Nothing is new. When you look at the very beginning of every innovation story, literally nothing is new. People think they have to have this great new idea first, but innovation is mostly recombining things that exist.
People will constantly tell you why your idea sucks. That’s a universal constant — everyone has a reason in their hand about why your idea may or may not work. You need to get that reason, because it could be an insight about something that you need to figure out. Of course, not everyone has a valid reason; that’s what you as the innovator need to figure out. You want to invite feedback, especially when you’re still at a small scale of investment, when it is easy to change things.
What can you test at this scale? The thing about scaling up your ideas is that you need to ask a few questions. What might stay constant as we move up to the next scale, and what can fail and cost me a lot of money at the next scale? Is there something I can test at this scale that can prevent that failure?
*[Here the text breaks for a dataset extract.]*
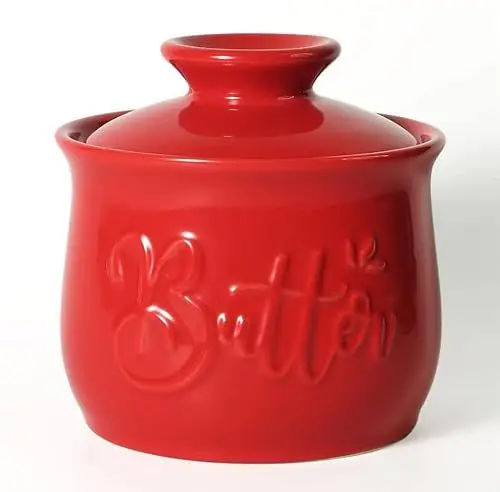 Produktbild: MAIA Keramik-Butterglocke 156 ml Buttertopf für Theke mit Wasserbutterstreuer Halter für streichbare Butterdose mit Deckel Butterhalter auf der Küchentheke, rote Küchendekoration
The difference between startups and big companies. For startups, the cost to try something is so minimal that they don’t even think about it. The cycle to test is fast and inexpensive for them. For bigger companies, “just try it” may mean spending $1 million. Bringing that cost down is something to focus on. Big companies have layers of bureaucracy and decision-making. They also don’t realize that most ideas at the very beginning look awful. They’re not pretty. It’s a continuous process of gathering data and improving them. You need to have a set-up that lets you do partial deployments or small-scale deployments, and you need a group of people who can disperse money so that innovators in the company can focus on proving their ideas at scale.